配給の粉がパンになり紅葉添へ ホトトギス 23・4 小野房子 
パン種の生きてふくらむ夜の霜 野哭 加藤楸邨 
パン種のふくるる清し冬の蜂 寒雷 28・3 山本天津夫 
パン焼器湯気を噴き上ぐ喜雨休み ホトトギス 21・11 中川古泉 
くらげ見て蒸しパン食むはかなしきや 太陽系 23・9 桂信子 
ふかしパンにぎればぬくし秋虚ろ 氷原帯 27・1 田沼露草 
パンすこしふくれすぎたる薄暑かな 春燈 26・9 瀬川あゆ子 
※パン屋で購入したパンではなくて、パンを製造している過程が句になるのもこの時代の特徴であろう。粉からパン種を混ぜ、発酵させた後、焼いたり蒸したりするのだが、こうした些事が俳句になって行くのはいかにも戦後らしい雰囲気である。

【パン食】

パン食や雨のつづける棕櫚の花 浜 21・7 北見楊一郎 
ギス近く鳴いてパン食足れりとす 石楠 25・1 山下泉 
しぐるるやパン濡らさじと抱き来たり 氷原帯 29・1 奥村比余呂
【パン】

爪はじくパン屑蟻の行く方へ 起伏 加藤楸邨 
春近しぼろぼろパンを喰みこぼし 風 22・5 細見綾子 
パンに慣れ露けさにやや遠ざかる 寒雷 22・11 田川飛旅子 
パンのあとに氷飲めば啼く夜の雁 寒雷 23・2 冨田実 
パン毟る朝はまつげのななめ翳 麦 26・11/12 栗栖ひろよし 
冬の仏像麺麭は一と日の生物にて 俳句 27・6 中村草田男 
パンの餉に祈る父子は半裸にて 氷原帯 27・8/9 出倉狗峰 
夜の霧がパンの耳をしめらせに来る 氷原帯 29・4 鈴木美枝 
春の崖に朝日黄金バタなき麺麭 俳句 29・6 西東三鬼 
稿継ぎて片手パン焼く朝ぐもり 俳句 29・8 秋元不死男

※問題はこんな生活の一齣とパンを組み合わせた句である。
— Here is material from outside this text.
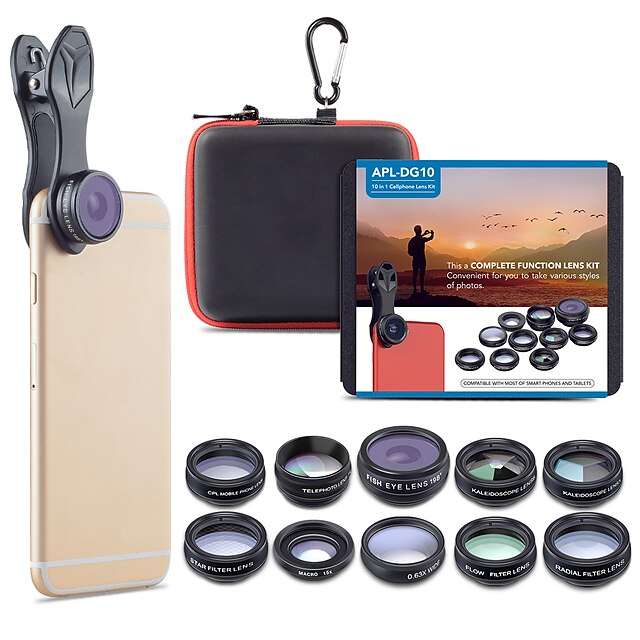  Phone Camera Lens Lens with Filter Fish-Eye Lens Long Focal Lens 2X 20 mm 15 m 198 ° Cute Cool for Samsung Galaxy iPhone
組み合わせたからと言って、作者の主観があらわになるわけでもない。おそらく戦後の些事はここに明らかになるものの、名句と呼ばれるようなものはないようである。これらの句の中から、「俳句」編集部が特集した「揺れる日本」が浮かび上がってくるとは思われない。「パン毟(むし)る朝はまつげのななめ翳」など、松嶋菜々子のスナップ写真のようだ。